Data in production can differ from the data the model has been trained on in a number of ways. Different pre-processing techniques, temporal drift or different sources of data shifting the data subtly are just a few of the reasons why the data we've collected might not exactly match production data.
For a successful deployment, there thus are a number of additional checks and tests we should perform to make sure we are deploying a robust system to the field. Just as a few examples, here are a few things to consider:
- A system to detect degradation in our model performance in real time and log data with high error or model uncertainty.
- A system that can compare features in production data with expected data features to detect whether the environment has changed and we risk making incorrect predictions.
- A system to capture novel data points that could be interesting to label and add to the training dataset.
- Traditional rule-based systems to prevent outputs that could be significantly out-of-bounds for the problem at hand and prevent catastrophic failures.
With these systems in place, we can implement a continuous monitoring and retraining system that can continuously update the model as we obtain more data. In this setting, it is crucial to have in place some way to keep a version control of the data so that we know on what data each model has been trained on. This helps us debug issues with model performance by checking whether they were trained with the correct data or not.
If human labeling is necessary, we need a process by which we can efficiently label our new data. For example, a fast labelling platform and a way to track which data has been labeled and not; a set of guidelines for human labelers to define what to do in the case of ambiguous labels or to clarify vague definitions; and a verification procedure to make sure that the humans are not making mistakes themselves; as well as data analytics so that our researchers can check that that data set level statistics make sense.
In realistic scenarios, certain labels are less frequent than others and we need to make sure that we balance our datasets. Then, we need to make sure that when we present our data to labelers, they can label the instances that we're more concerned with. For example, if we have a data set where we have 99% dogs and only one percent wolves we might not want to label 99 dog images for every wolf we label. It will be better to label only 10 dogs for every wolf to maximise the cost benefit of our labelling efforts.
Finally, when deploying an AI system we need to consider the risk profile of mistakes. Mistakes are unavoidable, and even humans make them. In fact we've observed that in general a well trained AI model will make fewer mistakes on average than a human. However when an AI model does make a mistake, it can end up missing the mark much more than a human would, and that is a problem in terms of risk mitigation.

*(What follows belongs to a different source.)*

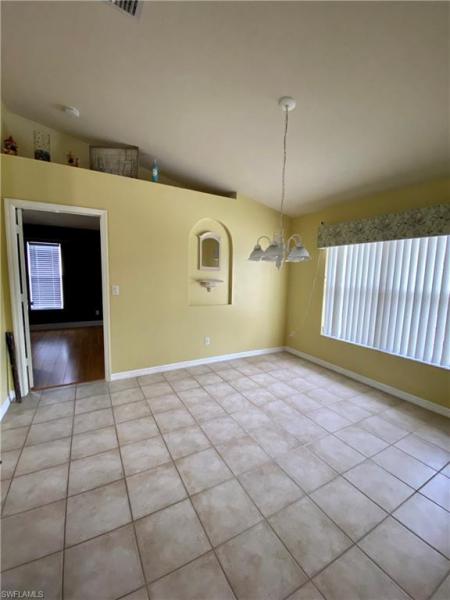 2722 SW 3rd Avenue gallery image #13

So it is important to determine the level of autonomy that this system will have and how many safeguards as well as to what degree it needs to be tested before deployment. For example a recommendation for a video website probably can be deployed more quickly and iterated on much faster than an industrial control system, where a catastrophic error could cause a physical malfunction.
Recently there has been a great push towards "explainable AI" systems. However, in our experience these systems don't really work as advertised, since state of the art AI models work precisely by performing calculations in a high dimensional space, and projecting them back into a low dimensional space for a human to visualize ends up over simplifying the model workings and are not enough to understand whether the model will correctly generalize in situations where it encounters very unfamiliar data. While there is value in visualization techniques for debugging and to have an idea of what the model is doing, we must do more if we want to prevent catastrophic failures.

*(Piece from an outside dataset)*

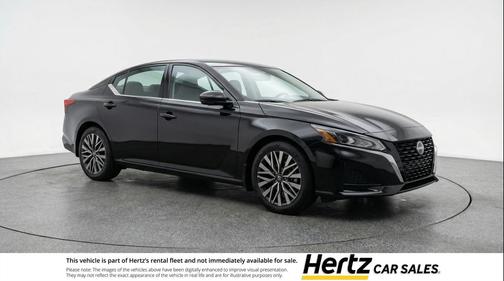 Super Black 2025 Nissan Altima SV FWD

Instead, it is necessary to extensively test the model in unfamiliar situations, as well as present it with "edge cases", artificially constructed data points meant to cause the model to malfunction. For example, in the case of image classification, researchers have created a dataset of visually ambiguous images to determine whether the classification models were able to fail gracefully or would just make random predictions. This type of testing helped shape a new generation of more robust algorithms.